Entretien

Éric Fottorino nous parle de Des gens sensibles

« J’avais vingt ans et j’avais écrit le plus beau roman du monde. Ce n’est pas moi qui le disais, c’était Clara. Je croyais tout ce que disait Clara. J’allais sur mes vingt-trois ans mais je prétendais en avoir vingt. Je ne supportais pas l’idée de vieillir. Vieillir c’était perdre son temps. »

Peut-on lire Des gens sensibles comme le roman des origines du romancier que vous êtes devenu ?

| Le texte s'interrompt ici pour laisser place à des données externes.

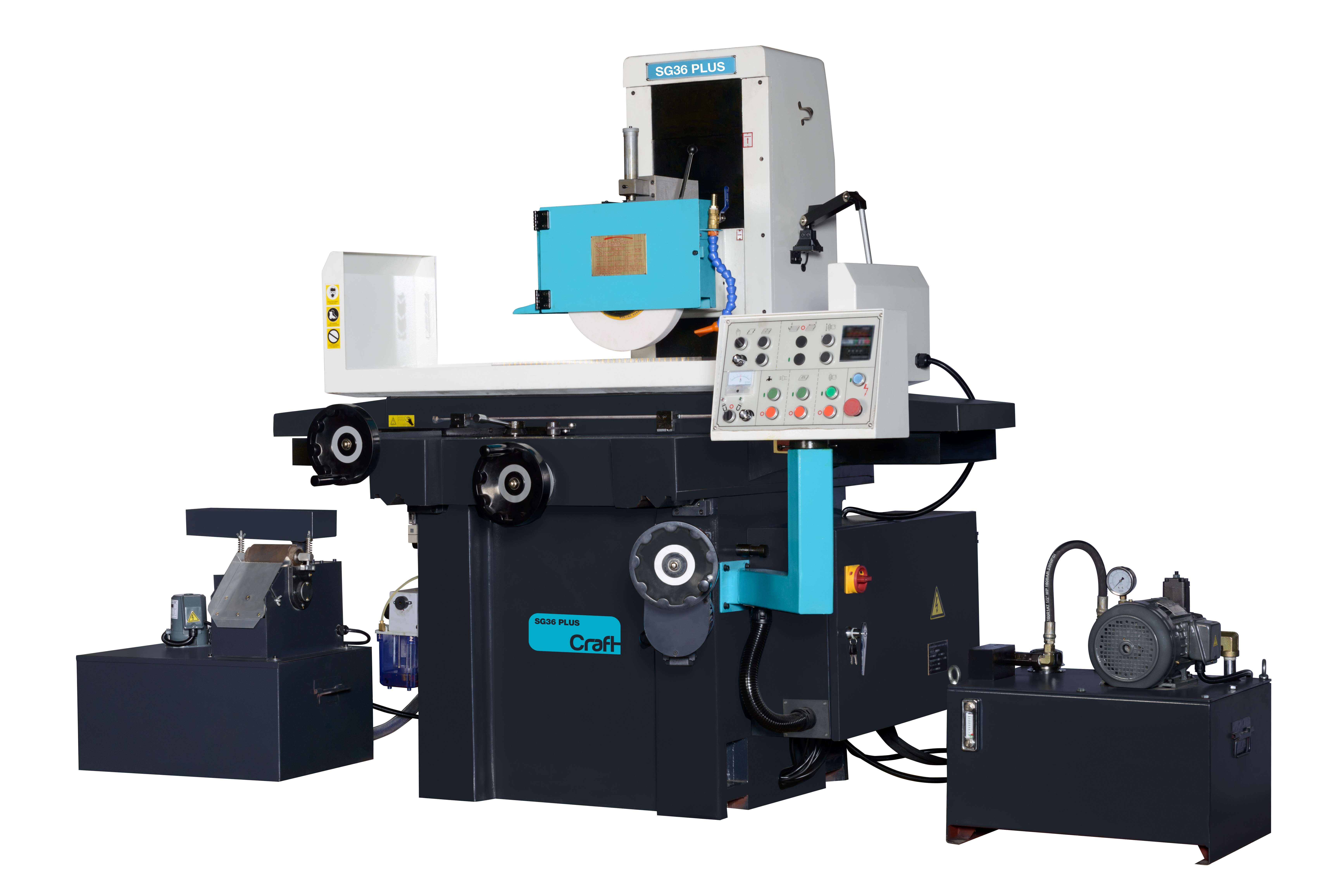 SG36 Servo Surface Grinder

C’est une histoire qui vient de loin car j’ai commencé à l’écrire au tout début des années 2000, comme si je voulais consigner un monde et des personnages qui appartenaient au 20e siècle. Depuis 25 ans j’espérais un jour trouver la force et l’inspiration de mener à bien ce récit qui puise sa source dans une double rencontre qui a marqué ma vie, ma vie d’écrivain et ma vie tout court. Deux êtres blessés qui trouvaient une réparation, et la justification de leur vie, dans la littérature, l’une en la défendant avec passion, l’autre en opposant le roman à la violence du monde qu’il éprouvait dans son âme comme dans son corps à travers le drame de la guerre civile qui ravageait l’Algérie, son pays. L’un et l’autre sont morts, je devrais dire se sont laissé mourir. J’étais désemparé de les voir sombrer, puis de les perdre. Il m’appartenait d’écrire notre histoire, comme une fidélité, et un signe de gratitude envers deux êtres qui m’ont donné une foi inébranlable en l’écriture. Et surtout d’écrire un roman en prenant toute liberté avec la réalité que nous avons partagée ensemble, tendre et dramatique, il y a maintenant trente ans.

 

Pour Clara l’attachée de presse, comme pour Saïd l’écrivain algérien, la littérature passe avant leur propre vie. Pensez-vous que la littérature est plus grande que la vie ?

Depuis mon premier roman (Rochelle, 1991) – Des gens sensibles est le seizième –, la même sensation se renouvelle en moi : je ne comprends ma vie seulement en l’écrivant, après qu’elle a passé par le filtre de l’écriture romanesque, de la fiction, avec ce qu’elle accorde d’imaginaire et de respiration. La littérature n’est pas plus grande que ma vie, elle est ma vie. Dans ce texte, Clara vit intensément pour faire éclore ce qu’elle reconnait de talent chez un jeune auteur. Elle sait l’exigence de l’écriture, les risques de se perdre. Et si Saïd s’accroche encore un peu à la vie, c’est qu’il se tient au fil ténu des mots. Un fil qui va finir par se briser à force de voir ses proches assassinés.

 

Les menaces qui pèsent sur Saïd entrent en résonance frappante avec l’actualité. Est-ce une fatalité de voir les écrivains, les artistes, servir de boucs émissaire ?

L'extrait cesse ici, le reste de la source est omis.